Eventually someone important is kidnapped and held for ransom in a camp, and everyone is agonizing over how to rescue them. The player of the sword-wielder says she nods, gets up, and walks towards the enemy camp. We all go “huh?”. The GM says there’s two guards outside, who draw weapons and advance. The Sword-PC goes: “Okay. I want to draw my sword and strike both of them in the head with the flat side of the blade”, and reasonably, the GM says: “That’s like -26 worth of penalties, you’re essentially asking the impossible here”.
And the Sword-PC goes: “-26? Ah, that’s not that bad.”
GURPS modifiers can get a little weird.
@Policy of Madness
Actually, that’s kind of funny. I think its a pretty commonly held theory – I’ve heard it a few times at least – that the combat rules are clunky exactly because getting into a fight constitutes a failure state, and the non-streamlined rules were meant to reinforce that.
If you auto-succeeded attack rolls, did you carry the 3 dice over to damage, and then auto-succeed that as well? Or did you roll damage+3? I ask because your system is a pretty decent way of doing it, I’ve been thinking of just doing something similar for my Vampire game. I do have more important things to do with my life than roll 4 opposed dice pools every time someone attacks someone else…
@Fib
On any roll that carried successes into a subsequent roll, the 3 “auto” successes carried over as if they had been rolled normally. We just treated them as if they had come up on a thrown roll.
One of the advantages to the 3 auto success rule was that with weaker opponents, it might be literally impossible for them to really defend themselves. If the werewolf is guaranteed 3 successes on each roll, and the target has only 5 dice rolling against a difficulty of 6, simple mathematics tell you that the target is going to lose and it’s only a matter of time. This would sometimes take people completely out of the Circle of Endless Dice Rolls, because they would say, “I’m just going to beat on this thing until it stops moving,” and the Storyteller would rule that it would be dead in 3 rounds. That was 3 rounds of that corner of the battlefield not taking up time with rolls.
Holy crap, this is so much information for my little newb brain to take in. *o*
@Fib:
THAC0 minus AC equals the number you need to roll on a d20 to hit.
1d20 + modifiers = the number rolled on the d20.
Some people subtract their modifiers from THAC0 to get one number to roll against, but you don’t have to, and it’s kind of counter-intuitive to do it that way.
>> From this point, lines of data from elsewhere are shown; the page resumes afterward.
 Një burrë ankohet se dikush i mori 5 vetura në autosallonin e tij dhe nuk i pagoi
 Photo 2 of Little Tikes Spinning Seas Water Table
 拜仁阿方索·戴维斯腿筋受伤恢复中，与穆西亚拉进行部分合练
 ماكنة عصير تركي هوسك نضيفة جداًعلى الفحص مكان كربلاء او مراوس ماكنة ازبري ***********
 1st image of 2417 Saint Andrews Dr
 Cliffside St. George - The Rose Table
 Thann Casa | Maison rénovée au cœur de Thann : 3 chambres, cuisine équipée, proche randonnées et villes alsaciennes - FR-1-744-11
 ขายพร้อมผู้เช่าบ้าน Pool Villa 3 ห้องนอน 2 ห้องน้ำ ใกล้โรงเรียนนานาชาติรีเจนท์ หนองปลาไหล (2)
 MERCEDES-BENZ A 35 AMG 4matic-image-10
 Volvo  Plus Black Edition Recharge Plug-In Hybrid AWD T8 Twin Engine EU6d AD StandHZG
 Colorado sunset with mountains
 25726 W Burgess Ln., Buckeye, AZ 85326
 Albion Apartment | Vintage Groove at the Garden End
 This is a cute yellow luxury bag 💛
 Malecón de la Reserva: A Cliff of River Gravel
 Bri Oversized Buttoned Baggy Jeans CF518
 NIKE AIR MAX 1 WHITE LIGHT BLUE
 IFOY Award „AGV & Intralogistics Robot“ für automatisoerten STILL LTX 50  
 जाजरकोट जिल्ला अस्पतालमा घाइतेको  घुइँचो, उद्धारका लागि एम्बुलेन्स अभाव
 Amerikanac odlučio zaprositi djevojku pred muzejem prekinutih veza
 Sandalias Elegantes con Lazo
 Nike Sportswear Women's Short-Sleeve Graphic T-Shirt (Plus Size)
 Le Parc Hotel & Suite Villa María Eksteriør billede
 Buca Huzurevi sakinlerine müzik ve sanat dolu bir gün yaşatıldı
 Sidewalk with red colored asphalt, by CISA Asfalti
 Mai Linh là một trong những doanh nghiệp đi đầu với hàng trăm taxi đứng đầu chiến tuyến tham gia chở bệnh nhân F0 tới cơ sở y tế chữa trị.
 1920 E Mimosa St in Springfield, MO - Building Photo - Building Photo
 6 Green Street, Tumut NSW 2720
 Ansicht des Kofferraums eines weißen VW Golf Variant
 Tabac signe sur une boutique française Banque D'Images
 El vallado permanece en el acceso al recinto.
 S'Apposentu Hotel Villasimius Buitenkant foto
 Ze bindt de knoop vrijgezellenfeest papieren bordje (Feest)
At least 4th Edition GURPS dropped Snap Shot for firearms (if your adjusted skill was less than the Snap Shot number for your weapon, take another -4 to hit) and streamlined machine-gun fire.
@PI: Don’t fret if it all seems confusing. I, at least, am always willing to repeat THAC0 at you.
Oh, and I knew a few people in college for whom “combat is a failure state” and “there are plenty of good reasons for your killing machine to refrain from killing things” was apparently too subtle.
They’d play Werewolf, hulk out in front of mundanes, and count on their teeny brains to overload and blank on the whole experience. They expected mundanes to go into denial about what they’d seen, and shrugged off the chance of spawning new Hunters as the price of doing business.
Hunters, as I understand it, being humans who’ve Seen Things and decided They Need Killin’.
In my last campaign, one of the PCs was an elf. The player put all of his proficiencies into longbow. By tenth level, the amount of damage he could do was startling.
Looking back, it was a rather elvenocentric campaign.
A character concept I thought about playing but never actually did was a high-Rage Ahroun with the flaws “short fuse” and “forced transformation to Homid on frenzy.” The idea being that this character would have to be REALLY GOOD at self-control in order to be even slightly effective as a fighter. Never did it, but I thought about it long and hard.
I played a Corax in a werewolf campaign. I talked a young Garou down from salughtering a human. The player thanked me. Then I IC said, “Right kill him with a blade, claws would break the Veil!”
For some reason I always had a rep as someone who would never kill anyone. It was always amusing when I did and saw people’s shocked reactions. (OK, I did have a tendancy to play martyrs)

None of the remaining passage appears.